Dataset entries
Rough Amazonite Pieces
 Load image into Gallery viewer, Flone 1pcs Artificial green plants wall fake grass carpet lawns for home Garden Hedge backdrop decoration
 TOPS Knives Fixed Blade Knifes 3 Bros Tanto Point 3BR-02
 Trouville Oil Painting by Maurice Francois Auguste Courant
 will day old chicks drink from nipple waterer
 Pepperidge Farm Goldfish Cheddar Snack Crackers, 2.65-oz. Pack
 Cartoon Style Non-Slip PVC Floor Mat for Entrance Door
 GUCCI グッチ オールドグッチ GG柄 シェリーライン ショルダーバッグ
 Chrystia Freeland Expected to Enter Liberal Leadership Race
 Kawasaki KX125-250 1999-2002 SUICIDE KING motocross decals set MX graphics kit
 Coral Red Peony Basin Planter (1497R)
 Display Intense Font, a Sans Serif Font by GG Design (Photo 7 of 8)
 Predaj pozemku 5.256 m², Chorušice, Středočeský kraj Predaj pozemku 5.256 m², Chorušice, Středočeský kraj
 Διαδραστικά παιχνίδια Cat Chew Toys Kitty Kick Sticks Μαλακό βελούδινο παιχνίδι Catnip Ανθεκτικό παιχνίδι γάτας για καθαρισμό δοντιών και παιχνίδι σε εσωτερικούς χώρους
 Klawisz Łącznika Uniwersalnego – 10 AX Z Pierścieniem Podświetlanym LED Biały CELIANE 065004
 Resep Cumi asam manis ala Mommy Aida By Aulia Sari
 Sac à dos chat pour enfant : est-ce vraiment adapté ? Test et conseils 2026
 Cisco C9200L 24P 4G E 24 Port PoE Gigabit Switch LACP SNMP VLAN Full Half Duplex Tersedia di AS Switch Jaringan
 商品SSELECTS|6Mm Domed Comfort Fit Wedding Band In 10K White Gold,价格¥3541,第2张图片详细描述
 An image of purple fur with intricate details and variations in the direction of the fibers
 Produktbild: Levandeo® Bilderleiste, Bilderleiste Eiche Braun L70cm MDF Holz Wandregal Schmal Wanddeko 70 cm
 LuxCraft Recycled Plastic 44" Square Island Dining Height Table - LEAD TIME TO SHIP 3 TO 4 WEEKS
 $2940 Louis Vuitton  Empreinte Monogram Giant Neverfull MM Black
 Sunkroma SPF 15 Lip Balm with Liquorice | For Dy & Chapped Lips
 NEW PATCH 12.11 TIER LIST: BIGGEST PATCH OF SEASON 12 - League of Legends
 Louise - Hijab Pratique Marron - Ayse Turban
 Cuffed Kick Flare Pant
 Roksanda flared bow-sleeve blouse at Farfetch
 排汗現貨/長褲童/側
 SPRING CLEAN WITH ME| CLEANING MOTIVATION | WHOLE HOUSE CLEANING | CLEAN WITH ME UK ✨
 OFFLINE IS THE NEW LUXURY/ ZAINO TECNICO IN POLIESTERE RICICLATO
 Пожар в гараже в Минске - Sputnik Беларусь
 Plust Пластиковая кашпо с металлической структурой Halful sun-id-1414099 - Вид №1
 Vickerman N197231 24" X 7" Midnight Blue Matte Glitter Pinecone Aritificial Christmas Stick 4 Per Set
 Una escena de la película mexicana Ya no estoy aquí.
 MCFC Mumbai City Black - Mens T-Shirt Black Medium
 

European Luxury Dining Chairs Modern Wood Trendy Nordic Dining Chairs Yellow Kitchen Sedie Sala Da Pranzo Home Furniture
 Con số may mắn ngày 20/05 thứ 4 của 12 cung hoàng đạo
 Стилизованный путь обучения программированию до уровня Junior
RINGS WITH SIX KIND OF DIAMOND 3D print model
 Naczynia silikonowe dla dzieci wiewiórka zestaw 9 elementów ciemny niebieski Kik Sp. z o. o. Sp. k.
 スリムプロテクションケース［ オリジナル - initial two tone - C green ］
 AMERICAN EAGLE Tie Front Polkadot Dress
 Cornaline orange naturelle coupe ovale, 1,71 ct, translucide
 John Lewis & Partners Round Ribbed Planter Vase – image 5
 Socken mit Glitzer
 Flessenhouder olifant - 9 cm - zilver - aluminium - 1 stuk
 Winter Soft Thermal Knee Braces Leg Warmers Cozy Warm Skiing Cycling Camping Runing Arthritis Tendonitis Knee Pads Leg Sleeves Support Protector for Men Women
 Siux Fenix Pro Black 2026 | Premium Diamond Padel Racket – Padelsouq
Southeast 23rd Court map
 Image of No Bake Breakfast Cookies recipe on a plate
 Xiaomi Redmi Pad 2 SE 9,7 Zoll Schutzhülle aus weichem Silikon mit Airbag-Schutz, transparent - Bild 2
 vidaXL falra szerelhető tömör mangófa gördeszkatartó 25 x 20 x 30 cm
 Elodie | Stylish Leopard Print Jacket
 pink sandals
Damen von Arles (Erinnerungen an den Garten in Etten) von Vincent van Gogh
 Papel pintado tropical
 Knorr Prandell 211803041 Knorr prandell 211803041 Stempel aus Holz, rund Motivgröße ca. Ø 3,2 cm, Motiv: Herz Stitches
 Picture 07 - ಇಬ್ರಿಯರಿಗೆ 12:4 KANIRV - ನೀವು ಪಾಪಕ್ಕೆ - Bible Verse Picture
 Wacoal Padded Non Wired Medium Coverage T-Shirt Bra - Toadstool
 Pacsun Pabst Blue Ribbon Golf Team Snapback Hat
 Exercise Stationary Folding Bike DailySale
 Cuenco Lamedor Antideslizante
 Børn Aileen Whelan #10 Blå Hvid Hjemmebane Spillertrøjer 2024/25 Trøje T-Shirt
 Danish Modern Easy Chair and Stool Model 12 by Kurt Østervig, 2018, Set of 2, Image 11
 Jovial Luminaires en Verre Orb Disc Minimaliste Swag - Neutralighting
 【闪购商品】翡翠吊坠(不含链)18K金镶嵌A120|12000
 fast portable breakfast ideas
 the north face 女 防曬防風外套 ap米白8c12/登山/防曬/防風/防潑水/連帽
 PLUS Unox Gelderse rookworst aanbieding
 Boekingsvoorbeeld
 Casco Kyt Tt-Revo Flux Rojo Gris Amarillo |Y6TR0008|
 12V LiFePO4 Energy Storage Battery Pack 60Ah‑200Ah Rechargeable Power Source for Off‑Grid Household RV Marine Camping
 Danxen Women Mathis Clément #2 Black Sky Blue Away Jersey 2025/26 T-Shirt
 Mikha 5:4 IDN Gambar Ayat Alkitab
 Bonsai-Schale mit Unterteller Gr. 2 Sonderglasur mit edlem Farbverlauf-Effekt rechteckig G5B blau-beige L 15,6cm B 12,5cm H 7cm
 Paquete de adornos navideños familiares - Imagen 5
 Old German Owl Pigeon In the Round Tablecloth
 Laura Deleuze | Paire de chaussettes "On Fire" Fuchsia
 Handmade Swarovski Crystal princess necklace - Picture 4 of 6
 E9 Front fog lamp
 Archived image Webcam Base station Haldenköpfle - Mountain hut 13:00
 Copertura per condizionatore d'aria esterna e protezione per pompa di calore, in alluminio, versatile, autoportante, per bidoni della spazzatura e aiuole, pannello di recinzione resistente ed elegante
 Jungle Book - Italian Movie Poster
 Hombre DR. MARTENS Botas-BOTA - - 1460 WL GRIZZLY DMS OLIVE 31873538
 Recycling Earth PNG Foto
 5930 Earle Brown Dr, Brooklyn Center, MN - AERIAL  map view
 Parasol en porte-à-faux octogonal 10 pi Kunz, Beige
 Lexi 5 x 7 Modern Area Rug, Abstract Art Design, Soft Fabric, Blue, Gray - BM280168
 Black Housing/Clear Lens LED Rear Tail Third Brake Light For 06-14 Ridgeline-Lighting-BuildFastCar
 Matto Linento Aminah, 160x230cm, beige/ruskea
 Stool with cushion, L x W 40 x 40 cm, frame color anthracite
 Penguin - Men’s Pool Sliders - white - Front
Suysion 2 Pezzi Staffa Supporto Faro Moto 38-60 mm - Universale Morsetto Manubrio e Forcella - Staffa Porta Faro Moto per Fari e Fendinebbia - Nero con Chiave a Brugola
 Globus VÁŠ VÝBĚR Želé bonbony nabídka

Try it
Reproduce, character for character, only the lines of the preceding data that start at the line with "Neverfull MM Black" and end at the line with "Flessenhouder olifant - 9", both included.

Exercise output
 $2940 Louis Vuitton  Empreinte Monogram Giant Neverfull MM Black
 Sunkroma SPF 15 Lip Balm with Liquorice | For Dy & Chapped Lips
 NEW PATCH 12.11 TIER LIST: BIGGEST PATCH OF SEASON 12 - League of Legends
 Louise - Hijab Pratique Marron - Ayse Turban
 Cuffed Kick Flare Pant
 Roksanda flared bow-sleeve blouse at Farfetch
 排汗現貨/長褲童/側
 SPRING CLEAN WITH ME| CLEANING MOTIVATION | WHOLE HOUSE CLEANING | CLEAN WITH ME UK ✨
 OFFLINE IS THE NEW LUXURY/ ZAINO TECNICO IN POLIESTERE RICICLATO
 Пожар в гараже в Минске - Sputnik Беларусь
 Plust Пластиковая кашпо с металлической структурой Halful sun-id-1414099 - Вид №1
 Vickerman N197231 24" X 7" Midnight Blue Matte Glitter Pinecone Aritificial Christmas Stick 4 Per Set
 Una escena de la película mexicana Ya no estoy aquí.
 MCFC Mumbai City Black - Mens T-Shirt Black Medium
 

European Luxury Dining Chairs Modern Wood Trendy Nordic Dining Chairs Yellow Kitchen Sedie Sala Da Pranzo Home Furniture
 Con số may mắn ngày 20/05 thứ 4 của 12 cung hoàng đạo
 Стилизованный путь обучения программированию до уровня Junior
RINGS WITH SIX KIND OF DIAMOND 3D print model
 Naczynia silikonowe dla dzieci wiewiórka zestaw 9 elementów ciemny niebieski Kik Sp. z o. o. Sp. k.
 スリムプロテクションケース［ オリジナル - initial two tone - C green ］
 AMERICAN EAGLE Tie Front Polkadot Dress
 Cornaline orange naturelle coupe ovale, 1,71 ct, translucide
 John Lewis & Partners Round Ribbed Planter Vase – image 5
 Socken mit Glitzer
 Flessenhouder olifant - 9 cm - zilver - aluminium - 1 stuk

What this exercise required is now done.